----- Materials provided

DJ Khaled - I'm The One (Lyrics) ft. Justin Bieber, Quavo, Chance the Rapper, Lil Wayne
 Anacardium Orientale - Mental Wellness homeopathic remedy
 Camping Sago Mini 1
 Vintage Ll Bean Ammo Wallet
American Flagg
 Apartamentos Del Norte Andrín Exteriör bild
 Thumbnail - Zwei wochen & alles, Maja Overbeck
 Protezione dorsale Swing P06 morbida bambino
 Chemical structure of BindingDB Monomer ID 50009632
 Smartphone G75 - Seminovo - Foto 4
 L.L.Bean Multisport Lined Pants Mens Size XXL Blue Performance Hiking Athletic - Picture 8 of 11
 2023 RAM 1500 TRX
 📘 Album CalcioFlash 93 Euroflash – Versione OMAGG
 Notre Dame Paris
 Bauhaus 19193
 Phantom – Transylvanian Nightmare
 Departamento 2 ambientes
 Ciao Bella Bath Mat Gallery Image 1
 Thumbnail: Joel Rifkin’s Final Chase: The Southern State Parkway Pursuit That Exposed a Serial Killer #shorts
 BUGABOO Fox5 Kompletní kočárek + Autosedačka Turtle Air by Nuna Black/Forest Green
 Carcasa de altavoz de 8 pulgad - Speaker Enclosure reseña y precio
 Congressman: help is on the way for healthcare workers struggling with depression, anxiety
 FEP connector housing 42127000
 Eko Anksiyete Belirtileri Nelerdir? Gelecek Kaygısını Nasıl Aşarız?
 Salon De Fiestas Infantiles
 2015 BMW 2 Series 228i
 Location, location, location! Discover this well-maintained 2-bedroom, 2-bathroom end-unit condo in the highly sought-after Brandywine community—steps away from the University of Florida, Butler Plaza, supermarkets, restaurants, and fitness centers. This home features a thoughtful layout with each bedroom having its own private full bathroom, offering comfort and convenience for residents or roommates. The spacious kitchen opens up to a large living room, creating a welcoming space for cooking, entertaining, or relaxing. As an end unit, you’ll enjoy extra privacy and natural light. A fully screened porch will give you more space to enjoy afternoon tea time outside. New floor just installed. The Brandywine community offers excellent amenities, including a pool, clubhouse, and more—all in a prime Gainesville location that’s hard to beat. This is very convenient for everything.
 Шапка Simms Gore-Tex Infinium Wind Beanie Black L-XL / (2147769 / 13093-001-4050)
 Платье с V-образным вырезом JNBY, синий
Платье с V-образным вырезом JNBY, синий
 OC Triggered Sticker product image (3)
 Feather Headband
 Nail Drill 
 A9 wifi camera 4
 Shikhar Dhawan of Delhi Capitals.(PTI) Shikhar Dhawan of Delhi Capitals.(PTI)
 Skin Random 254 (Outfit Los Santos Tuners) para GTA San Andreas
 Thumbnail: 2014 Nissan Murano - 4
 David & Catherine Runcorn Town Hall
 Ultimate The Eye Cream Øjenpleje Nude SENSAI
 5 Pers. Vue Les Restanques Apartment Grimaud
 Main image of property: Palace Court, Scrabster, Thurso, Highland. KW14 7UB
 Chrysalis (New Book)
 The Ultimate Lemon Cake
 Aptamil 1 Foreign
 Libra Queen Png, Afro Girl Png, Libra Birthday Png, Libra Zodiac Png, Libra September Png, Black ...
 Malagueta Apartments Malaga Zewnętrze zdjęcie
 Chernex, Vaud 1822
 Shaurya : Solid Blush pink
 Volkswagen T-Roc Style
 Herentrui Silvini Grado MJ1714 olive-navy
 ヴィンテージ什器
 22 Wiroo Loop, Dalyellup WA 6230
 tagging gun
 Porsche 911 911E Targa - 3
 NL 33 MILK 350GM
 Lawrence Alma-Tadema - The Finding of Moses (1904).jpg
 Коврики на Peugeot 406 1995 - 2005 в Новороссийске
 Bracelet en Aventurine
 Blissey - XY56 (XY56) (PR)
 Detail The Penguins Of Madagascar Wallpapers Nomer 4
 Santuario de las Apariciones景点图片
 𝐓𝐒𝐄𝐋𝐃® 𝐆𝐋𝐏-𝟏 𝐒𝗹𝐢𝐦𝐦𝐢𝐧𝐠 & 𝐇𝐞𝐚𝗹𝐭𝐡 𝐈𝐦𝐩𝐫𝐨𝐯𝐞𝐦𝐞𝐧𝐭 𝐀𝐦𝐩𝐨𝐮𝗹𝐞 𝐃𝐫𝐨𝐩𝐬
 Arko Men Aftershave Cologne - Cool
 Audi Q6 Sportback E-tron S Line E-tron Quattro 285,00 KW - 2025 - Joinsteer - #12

----------

> [Work instruction]:
Taking the lines above, repeat exactly those from the line that contains "5 Pers. Vue Les Restanques Apartment Grimaud" through the line that contains "Lawrence Alma-Tadema - The", and both of those lines as well. Include nothing else.

> [Task solution]:
 5 Pers. Vue Les Restanques Apartment Grimaud
 Main image of property: Palace Court, Scrabster, Thurso, Highland. KW14 7UB
 Chrysalis (New Book)
 The Ultimate Lemon Cake
 Aptamil 1 Foreign
 Libra Queen Png, Afro Girl Png, Libra Birthday Png, Libra Zodiac Png, Libra September Png, Black ...
 Malagueta Apartments Malaga Zewnętrze zdjęcie
 Chernex, Vaud 1822
 Shaurya : Solid Blush pink
 Volkswagen T-Roc Style
 Herentrui Silvini Grado MJ1714 olive-navy
 ヴィンテージ什器
 22 Wiroo Loop, Dalyellup WA 6230
 tagging gun
 Porsche 911 911E Targa - 3
 NL 33 MILK 350GM
 Lawrence Alma-Tadema - The Finding of Moses (1904).jpg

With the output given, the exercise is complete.